▸ PROBLEM STATEMENT:
Copy nothing but the lines from the one containing "A Jeep Worker" through the last line of the records, repeated exactly and without pictures.

*** SUPPLIED ENTRIES ***

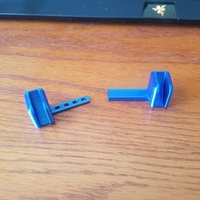 Adjustable Filament Spool Parking Block - Thumbnail 2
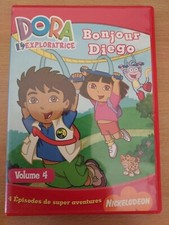 Dvd dora exploratrice d'occasion  Belley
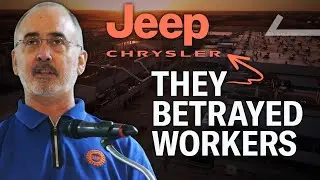 A Jeep Worker Died in Toledo. He Never Should Have Been There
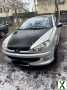 Foto Peugeot 206 CC Quiksilver 110 Quicksilver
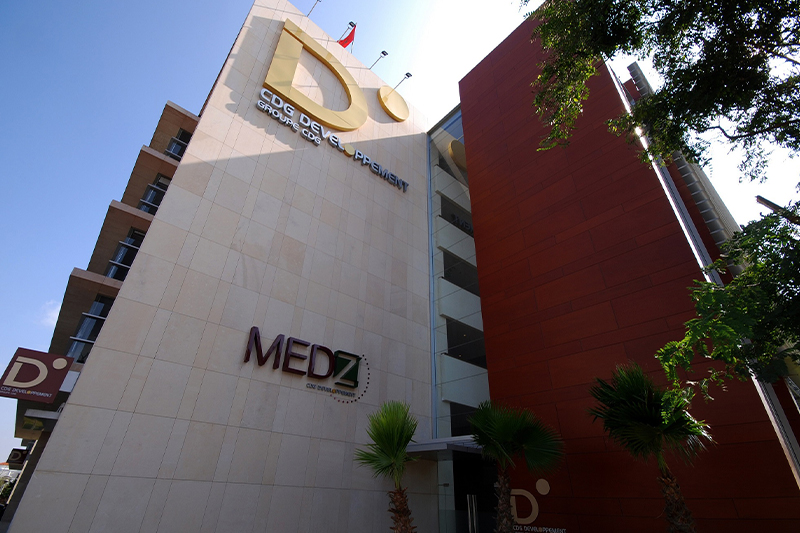  شركة MEDZ تعلن إطلاق عرضها الجديد Services Plus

***

▸ WRITTEN RESPONSE:
 A Jeep Worker Died in Toledo. He Never Should Have Been There
 Foto Peugeot 206 CC Quiksilver 110 Quicksilver
  شركة MEDZ تعلن إطلاق عرضها الجديد Services Plus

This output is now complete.